RFC Errata
RFC 6716, "Definition of the Opus Audio Codec", September 2012
Note: This RFC has been updated by RFC 8251
Source of RFC: codec (rai)
Errata ID: 4392
Status: Held for Document Update
Type: Technical
Publication Format(s) : TEXT
Reported By: Peter Budny
Date Reported: 2015-06-15
Held for Document Update by: Ben Campbell
Date Held: 2015-06-15
Section 2 says:
The Opus codec scales from 6 kbit/s narrowband mono speech to 510 kbit/s fullband stereo music, with algorithmic delays ranging from 5 ms to 65.2 ms. (further in the same section) To compensate for the different look-ahead required by each layer, the CELT encoder input is delayed by an additional 2.7 ms.
It should say:
The Opus codec scales from 6 kbit/s narrowband mono speech to 510 kbit/s fullband stereo music, with algorithmic delays ranging from 5 ms to 66.5 ms. (further in the same section) To compensate for the different look-ahead required by each layer, the CELT encoder input is delayed by an additional 4 ms.
Notes:
For the latter text, the delays for the CELT and SILK layers must match.
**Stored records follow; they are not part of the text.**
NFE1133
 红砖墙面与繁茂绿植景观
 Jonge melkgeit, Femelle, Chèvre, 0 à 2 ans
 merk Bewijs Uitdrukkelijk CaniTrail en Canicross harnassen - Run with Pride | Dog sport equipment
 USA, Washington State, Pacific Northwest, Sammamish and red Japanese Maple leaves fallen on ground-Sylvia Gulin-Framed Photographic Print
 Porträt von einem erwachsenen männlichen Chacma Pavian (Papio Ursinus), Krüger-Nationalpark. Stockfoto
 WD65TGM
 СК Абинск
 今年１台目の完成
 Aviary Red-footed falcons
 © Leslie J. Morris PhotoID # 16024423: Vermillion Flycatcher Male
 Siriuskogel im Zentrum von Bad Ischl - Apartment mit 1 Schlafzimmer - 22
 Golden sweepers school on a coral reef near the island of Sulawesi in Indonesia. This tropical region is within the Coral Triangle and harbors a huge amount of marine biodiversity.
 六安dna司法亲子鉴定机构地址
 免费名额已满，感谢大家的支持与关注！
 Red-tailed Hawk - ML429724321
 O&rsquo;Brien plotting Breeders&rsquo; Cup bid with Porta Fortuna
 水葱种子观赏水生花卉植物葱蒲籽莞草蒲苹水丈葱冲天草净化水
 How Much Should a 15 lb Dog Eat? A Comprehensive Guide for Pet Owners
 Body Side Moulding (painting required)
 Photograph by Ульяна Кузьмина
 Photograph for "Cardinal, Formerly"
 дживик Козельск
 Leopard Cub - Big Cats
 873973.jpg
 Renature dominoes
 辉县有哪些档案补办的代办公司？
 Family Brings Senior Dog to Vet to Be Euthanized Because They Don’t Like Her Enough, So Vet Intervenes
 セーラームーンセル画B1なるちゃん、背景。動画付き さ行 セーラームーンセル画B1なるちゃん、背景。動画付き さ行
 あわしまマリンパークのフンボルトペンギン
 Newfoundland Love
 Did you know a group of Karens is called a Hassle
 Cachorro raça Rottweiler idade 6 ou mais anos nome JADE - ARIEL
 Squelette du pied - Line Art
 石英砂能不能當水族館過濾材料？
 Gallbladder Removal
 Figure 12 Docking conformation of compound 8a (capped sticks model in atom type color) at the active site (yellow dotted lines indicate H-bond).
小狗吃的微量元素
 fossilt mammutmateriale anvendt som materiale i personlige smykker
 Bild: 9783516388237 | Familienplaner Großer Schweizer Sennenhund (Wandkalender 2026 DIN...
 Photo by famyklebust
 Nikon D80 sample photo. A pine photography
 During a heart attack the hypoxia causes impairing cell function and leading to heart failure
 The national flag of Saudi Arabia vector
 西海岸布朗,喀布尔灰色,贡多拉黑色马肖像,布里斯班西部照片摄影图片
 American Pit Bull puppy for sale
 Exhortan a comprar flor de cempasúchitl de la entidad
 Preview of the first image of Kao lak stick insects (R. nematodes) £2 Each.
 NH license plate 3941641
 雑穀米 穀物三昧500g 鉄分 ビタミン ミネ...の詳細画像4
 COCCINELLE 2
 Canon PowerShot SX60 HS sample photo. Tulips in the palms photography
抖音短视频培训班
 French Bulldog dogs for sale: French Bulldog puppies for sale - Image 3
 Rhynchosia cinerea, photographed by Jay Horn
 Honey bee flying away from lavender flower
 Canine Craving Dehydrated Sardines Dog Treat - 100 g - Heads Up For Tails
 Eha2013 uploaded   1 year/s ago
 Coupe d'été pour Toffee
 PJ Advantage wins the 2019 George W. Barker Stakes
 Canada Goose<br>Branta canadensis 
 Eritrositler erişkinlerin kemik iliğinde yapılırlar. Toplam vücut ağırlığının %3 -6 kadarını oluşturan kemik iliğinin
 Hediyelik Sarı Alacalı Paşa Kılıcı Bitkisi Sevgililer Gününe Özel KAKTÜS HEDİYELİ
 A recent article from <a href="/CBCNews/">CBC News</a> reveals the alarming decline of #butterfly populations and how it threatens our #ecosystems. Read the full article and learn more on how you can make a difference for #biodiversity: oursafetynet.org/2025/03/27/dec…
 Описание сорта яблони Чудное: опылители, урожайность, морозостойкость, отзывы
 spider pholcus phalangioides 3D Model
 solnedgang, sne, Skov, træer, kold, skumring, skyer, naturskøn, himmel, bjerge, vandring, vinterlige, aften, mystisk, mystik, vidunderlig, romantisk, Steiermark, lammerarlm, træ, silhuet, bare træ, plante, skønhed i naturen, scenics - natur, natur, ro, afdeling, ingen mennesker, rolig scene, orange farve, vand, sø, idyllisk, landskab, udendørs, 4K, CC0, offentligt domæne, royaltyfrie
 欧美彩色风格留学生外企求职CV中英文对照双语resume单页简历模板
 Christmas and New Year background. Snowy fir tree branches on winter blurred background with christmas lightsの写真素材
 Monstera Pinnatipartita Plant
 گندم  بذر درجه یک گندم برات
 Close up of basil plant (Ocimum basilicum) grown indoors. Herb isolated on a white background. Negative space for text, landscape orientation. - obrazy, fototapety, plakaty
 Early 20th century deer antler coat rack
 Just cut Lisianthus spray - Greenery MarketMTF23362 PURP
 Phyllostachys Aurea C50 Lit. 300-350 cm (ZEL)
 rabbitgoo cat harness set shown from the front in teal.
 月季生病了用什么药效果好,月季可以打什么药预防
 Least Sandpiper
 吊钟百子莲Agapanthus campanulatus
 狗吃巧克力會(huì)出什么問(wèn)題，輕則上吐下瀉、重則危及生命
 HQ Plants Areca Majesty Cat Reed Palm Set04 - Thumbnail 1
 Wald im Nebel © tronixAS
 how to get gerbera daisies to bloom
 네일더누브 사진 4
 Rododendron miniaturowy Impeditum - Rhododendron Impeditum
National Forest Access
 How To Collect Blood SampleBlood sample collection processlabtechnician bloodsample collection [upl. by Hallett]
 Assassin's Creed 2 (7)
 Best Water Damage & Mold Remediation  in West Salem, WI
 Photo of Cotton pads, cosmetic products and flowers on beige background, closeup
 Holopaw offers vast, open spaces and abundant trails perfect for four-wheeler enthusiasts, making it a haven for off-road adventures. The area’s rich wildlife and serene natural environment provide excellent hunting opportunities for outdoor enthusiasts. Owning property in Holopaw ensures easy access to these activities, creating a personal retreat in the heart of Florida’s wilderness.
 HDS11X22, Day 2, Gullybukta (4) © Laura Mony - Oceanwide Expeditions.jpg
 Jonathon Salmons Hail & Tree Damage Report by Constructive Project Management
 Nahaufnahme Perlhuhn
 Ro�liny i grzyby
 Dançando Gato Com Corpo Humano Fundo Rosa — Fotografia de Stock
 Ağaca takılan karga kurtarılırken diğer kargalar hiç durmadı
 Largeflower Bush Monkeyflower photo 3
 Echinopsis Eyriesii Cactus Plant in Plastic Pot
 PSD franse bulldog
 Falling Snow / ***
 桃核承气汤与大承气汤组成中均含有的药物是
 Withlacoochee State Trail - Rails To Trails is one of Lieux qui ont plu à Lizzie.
SILK has a "5 ms look-ahead for noise shaping estimation", and "1.5 ms delay for sampling rate conversion", totaling 6.5 ms. CELT has a "2.5 ms look-ahead due to the overlapping MDCT windows". Thus, the amount of delay needed to align CELT with SILK is 6.5ms - 2.5ms = 4ms.
The text at the beginning of the section must reflect this as well. The "algorithmic delays" reported apparently include framing (minimum frame size 2.5ms + look-ahead delay in CELT-only mode 2.5ms = 5ms). In that case, the maximum delay is the maximum frame size (60ms) + the maximum delay for look-ahead and resampling (6.5ms) = 66.5ms.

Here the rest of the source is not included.